Selective attention contributes to perceptual efficiency by modulating cortical activity according to task demands. The majority of attentional research has focused on the effects of attention to a single modality, and little is known about the role of attention in multimodal sensory processing. Here we employ a novel experimental design to examine the electrophysiological basis of audio-visual attention shifting. We use electroencephalography (EEG) to study differences in brain dynamics between quickly shifting attention between modalities and focusing attention on a single modality for extended periods of time. We also address interactions between attentional effects generated by the attention-shifting cue and those generated by subsequent stimuli. The conclusions from these examinations address key issues in attentional research, including the supramodal theory of attention, or the role of attention in foveal vision. The experimental design and analysis methods used here may suggest new directions in the study of the physiological basis of attention.

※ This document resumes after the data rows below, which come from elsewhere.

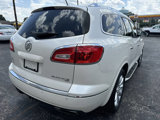Used 2013 Buick Enclave Premium image 6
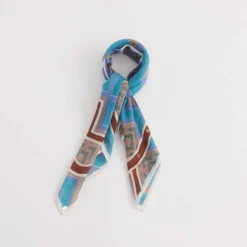 Cashmere Midi 70 Medina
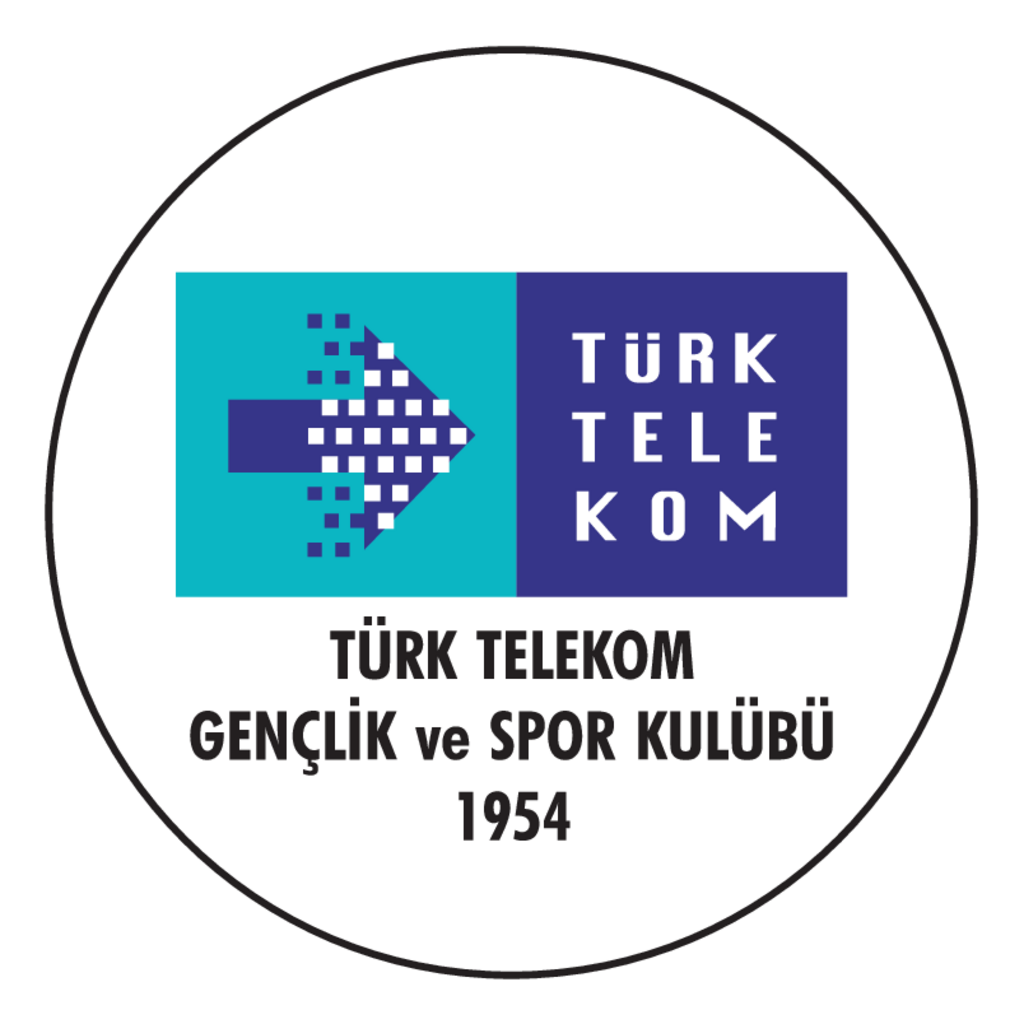 Turk,Telekom,GSK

A new foreperiod effect on single-trial phase coherence. Part I: existence and relevance

Expecting events in time leads to more efficient behavior. A remarkable early finding in the study of temporal expectancy is the foreperiod effect on reaction times; i.e., the fact that the time period between a warning signal and an impendent stimuli, to which subjects are instructed to respond as quickly as possible, influences reaction times. Recently it has been shown that the phase of oscillatory activity preceding stimulus presentation is related to behavior. Here we connect both of these findings by reporting a novel foreperiod effect on the inter-trial phase coherence triggered by a stimulus to which subjects do not respond. Until now, inter-trial phase coherence has been used to describe a regularity in the phases of groups of trials. We propose a single-trial measure of inter-trial phase coherence and prove its soundness. Equipped with this measure, and using a multivariate decoding method, we demonstrate that the foreperiod duration modulates single-trial phase coherence. In principle, this modulation could be an artifact due to the decoding method used to detect it. We show that this is not the case, since the modulation can also be observed with a very simple averaging method. Although real, the single-trial modulation of inter-trial phase coherence by the foreperiod duration could just reflect a nuisance in our data. We argue against this possibility by showing that the strength of the modulation correlates with subjects’ behavioral measures, both error rates and mean-reaction times. We anticipate that the new foreperiod effect on inter-trial phase coherence, and the decoding method used here to detect it, will be important tools to understand cognition at the single-trial level. In Part II of this manuscript, we support this claim, by showing that attention modulates the strength of the new foreperiod effect in a trial-by-trial basis.